Bastas Gerassimos, Sompuram Seshi R, Pierce Brian, Vani Kodela, Bogen Steven A
Department of Pathology & Laboratory Medicine, Boston University School of Medicine, Boston, MA 02118, USA.
Mol Cell Proteomics. 2008 Feb;7(2):247-56. doi: 10.1074/mcp.M700107-MCP200. Epub 2007 Sep 25.
We describe a new approach to identify proteins involved in disease pathogenesis. The technology, Epitope-Mediated Antigen Prediction (E-MAP), leverages the specificity of patients' immune responses to disease-relevant targets and requires no prior knowledge about the protein. E-MAP links pathologic antibodies of unknown specificity, isolated from patient sera, to their cognate antigens in the protein database. The E-MAP process first involves reconstruction of a predicted epitope using a peptide combinatorial library. We then search the protein database for closely matching amino acid sequences. Previously published attempts to identify unknown antibody targets in this manner have largely been unsuccessful for two reasons: 1) short predicted epitopes yield too many irrelevant matches from a database search and 2) the epitopes may not accurately represent the native antigen with sufficient fidelity. Using an in silico model, we demonstrate the critical threshold requirements for epitope length and epitope fidelity. We find that epitopes generally need to have at least seven amino acids, with an overall accuracy of >70% to the native protein, in order to correctly identify the protein in a nonredundant protein database search. We then confirmed these findings experimentally, using the predicted epitopes for four monoclonal antibodies. Since many predicted epitopes often fail to achieve the seven amino acid threshold, we demonstrate the efficacy of paired epitope searches.

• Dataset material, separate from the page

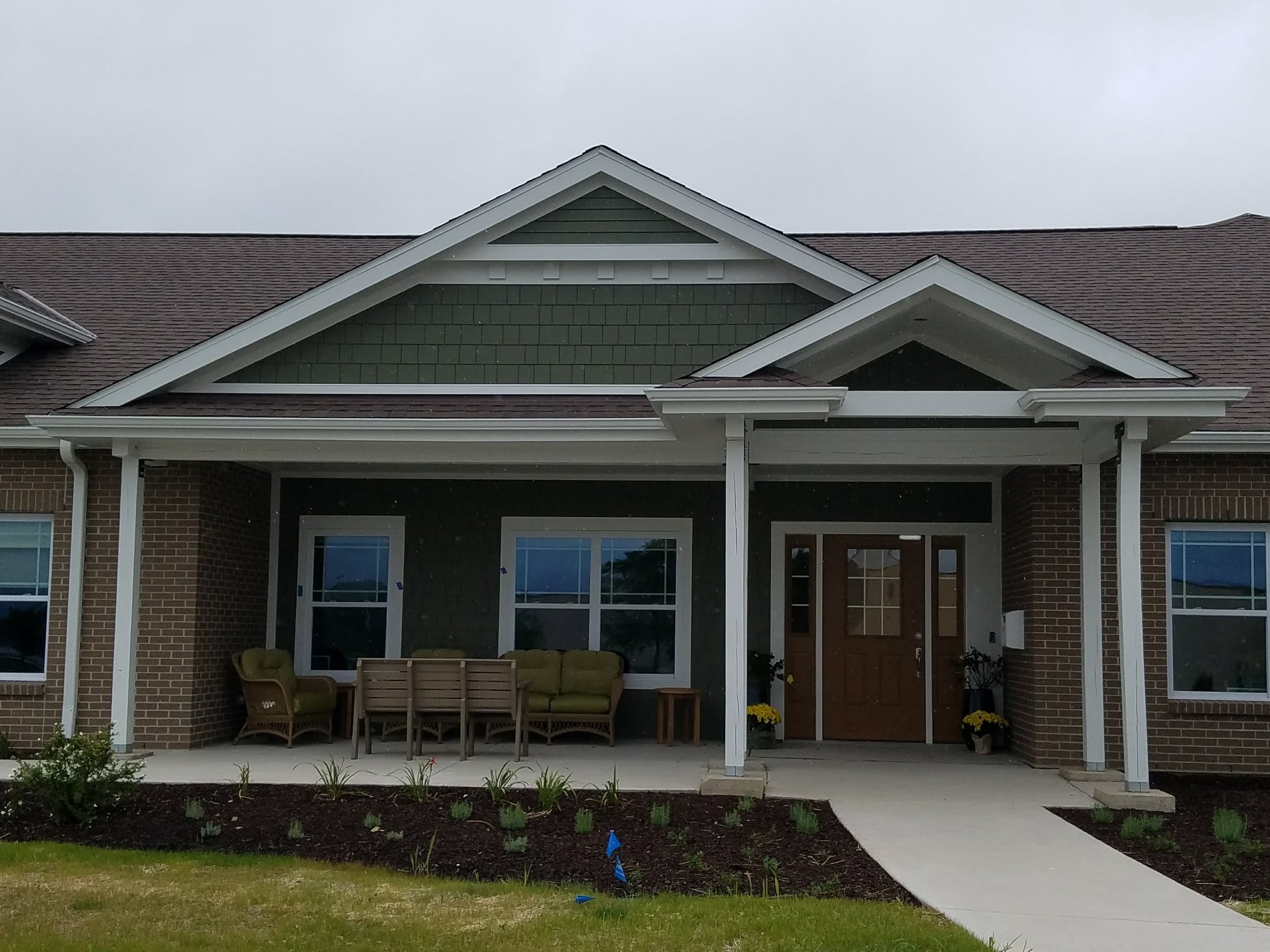 community exterior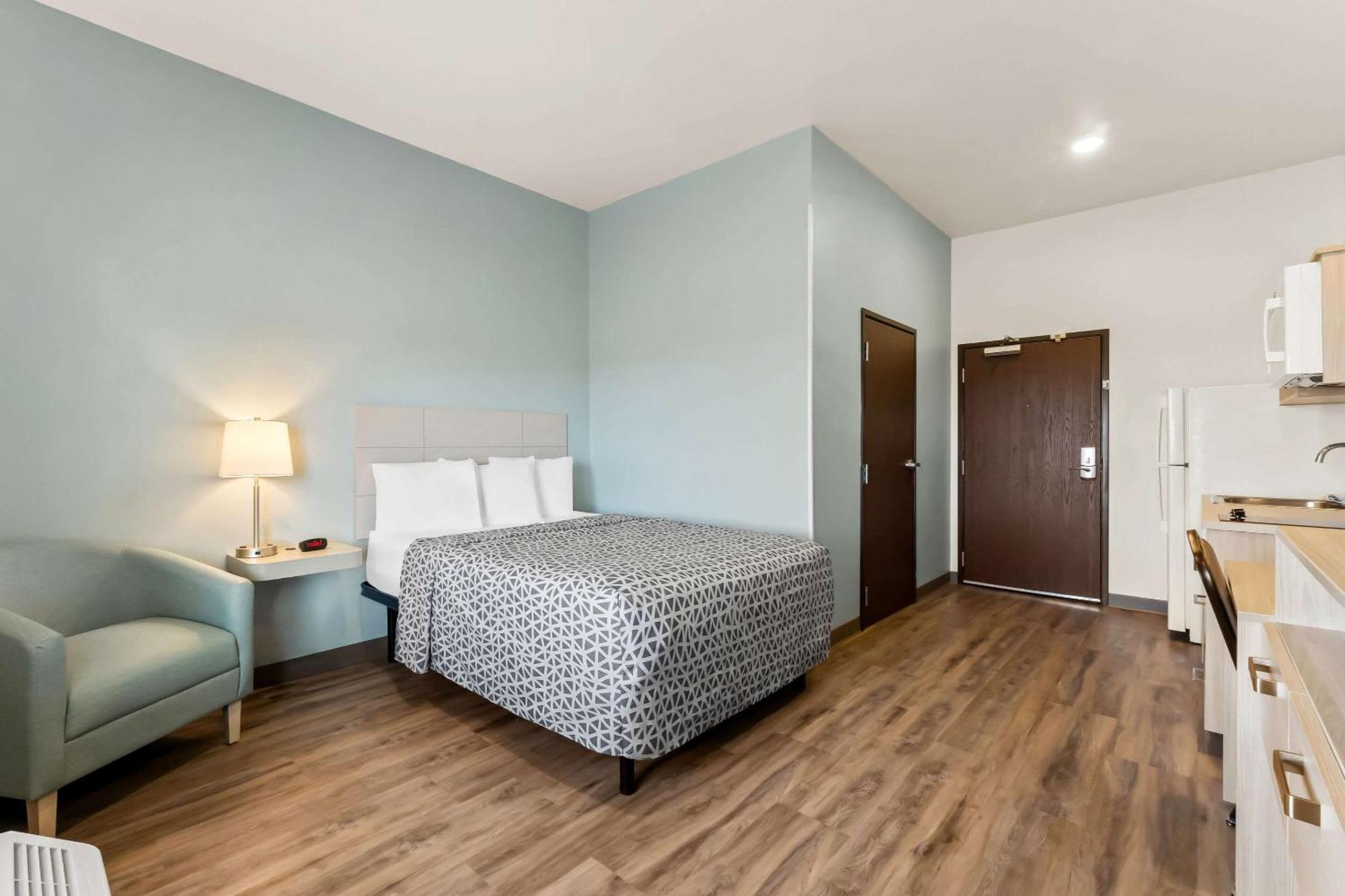 Woodspring Suites Easton Nazareth Luaran gambar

This is the first systematic analysis of the computational framework to make this approach viable, coupled with experimental validation.
我们描述了一种鉴定参与疾病发病机制的蛋白质的新方法。该技术,即表位介导的抗原预测(E-MAP),利用患者对疾病相关靶点的免疫反应的特异性,且无需关于该蛋白质的先验知识。E-MAP将从患者血清中分离出的特异性未知的病理性抗体与其在蛋白质数据库中的同源抗原联系起来。E-MAP过程首先涉及使用肽组合文库重建预测表位。然后我们在蛋白质数据库中搜索紧密匹配的氨基酸序列。以前以这种方式鉴定未知抗体靶点的尝试大多未成功,原因有两个:1)短的预测表位在数据库搜索中产生太多不相关的匹配,2)表位可能无法以足够的保真度准确代表天然抗原。使用计算机模型,我们证明了表位长度和表位保真度的关键阈值要求。我们发现,表位通常需要至少有七个氨基酸,对天然蛋白质的总体准确率>70%,以便在非冗余蛋白质数据库搜索中正确鉴定该蛋白质。然后我们使用四种单克隆抗体的预测表位通过实验证实了这些发现。由于许多预测表位常常未能达到七个氨基酸的阈值,我们证明了配对表位搜索的有效性。这是对使该方法可行的计算框架的首次系统分析,并伴有实验验证。